I hadn't thought of the criss cross idea before but may be worth looking at. I think my biggest thing is the bean meters first as I just really don't like the cups and then we will see how the beans do with better planting. The beans I plant they say are adaptable to any row spacing but I try and get the bushiest bean I can.

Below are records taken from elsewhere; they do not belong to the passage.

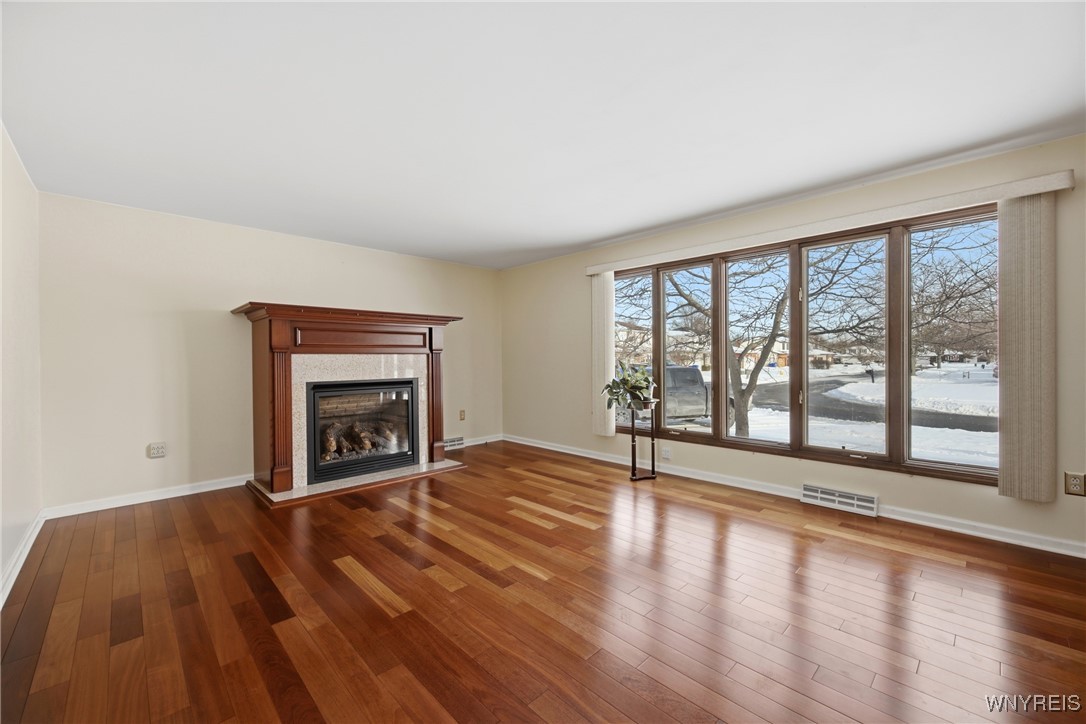 56 Deerchase Road West Seneca, NY 14224 - Photo 9 of 49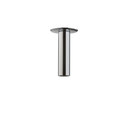 Axor Citterio Ceiling Connector 100mm DN15 Hansgrohe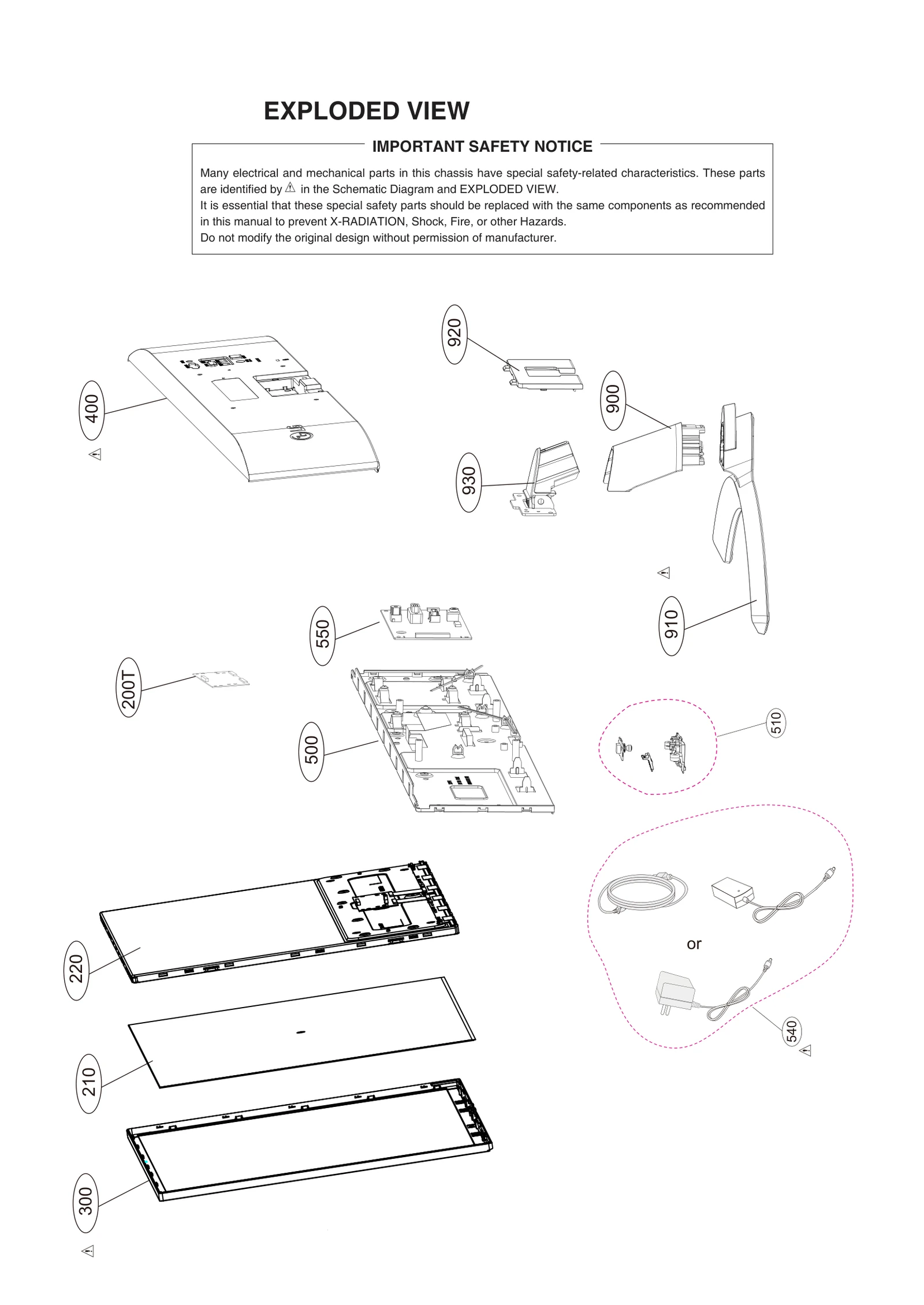 Diagram 0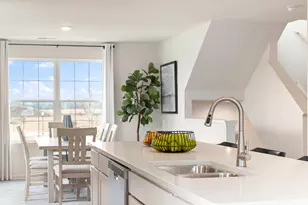 1411 Oakfield Ln, Pingree Grove, IL 60140 - Photo 8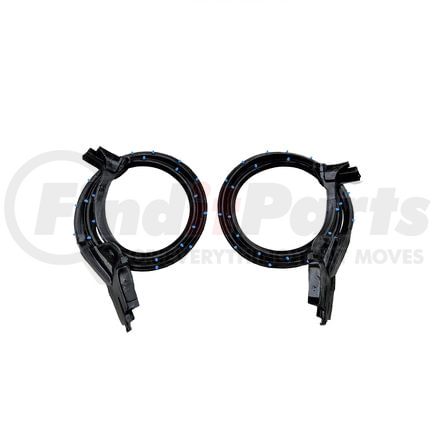 Fairchild KG3156 Door Seal Kit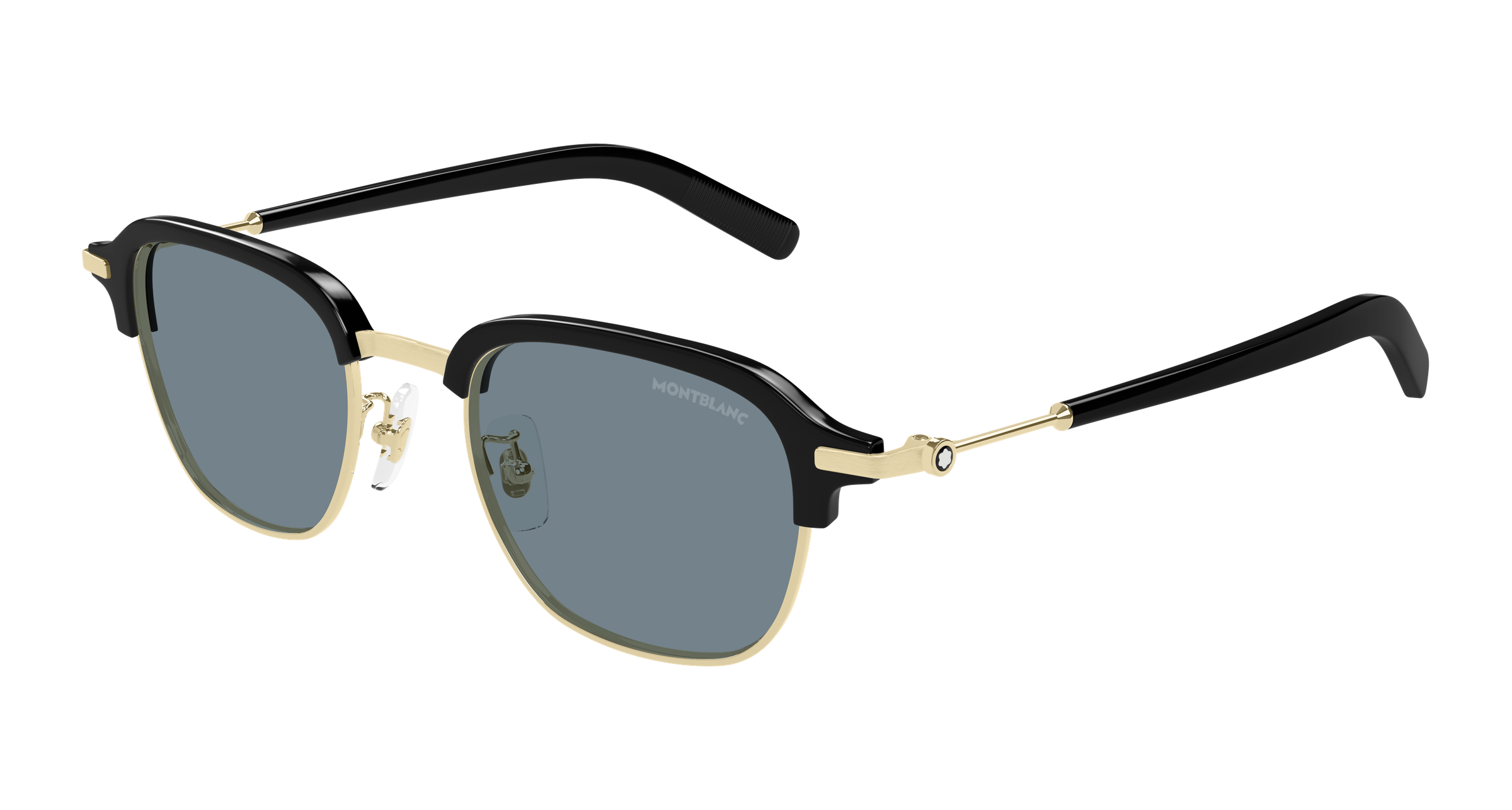 MONTBLANC MB0390S 002 50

Any advice you have for a younger farmer (23 been farming for 8 years and am now getting to a point where I am getting bigger) I welcome it indefinitely. I'll leave my email open.
 
How creative are you? If you're a decent fabricator, you might be able to build something similar to the rig these people sell. I looked at 'em and decided to buy a Kinze 8-row with interplants.
15
 
Without modifying the tongue the splitters have to go on the back. The tongue is too short for turns even if you cut part of the unit off where the insecticide boxes go. You could build a tongue with an opening for the middle unit like a Kinze. I have a 6 row and put splitter units on the back. Works great - like a used $15,000 to $20,000 Kinze, but these cost $2500 to $5000 at auctions. It does have a negative tongue weight. Puts all of the weight on the 4 lift wheels. This is the second one I built and never have had problems with the lift (rockshaft tube, wheel bearings, rims, tires, etc). I probably don't bounce it across rough ground too fast, but I wouldn't any planter. I have CSR ground from 45 to 85. On the 45 to 75 CSR ground I know I get better yields in 15" rows verse 30" no-till or worked ground with 10" rows drilled. Some soils just have a hard time getting beans to cover all of the ground in 30" rows expecially since more and more bean varieties are more upright. 15" rows do it on the poorer soils. Secondly, a corn planter puts the beans in so they come up immediately. I drilled beans for years, both no-till and tilled. Sometimes took a rain. That is why I like the splitter 1) narrow rows, 2) come up immediately, and 3) nothing better than a planter for no-till.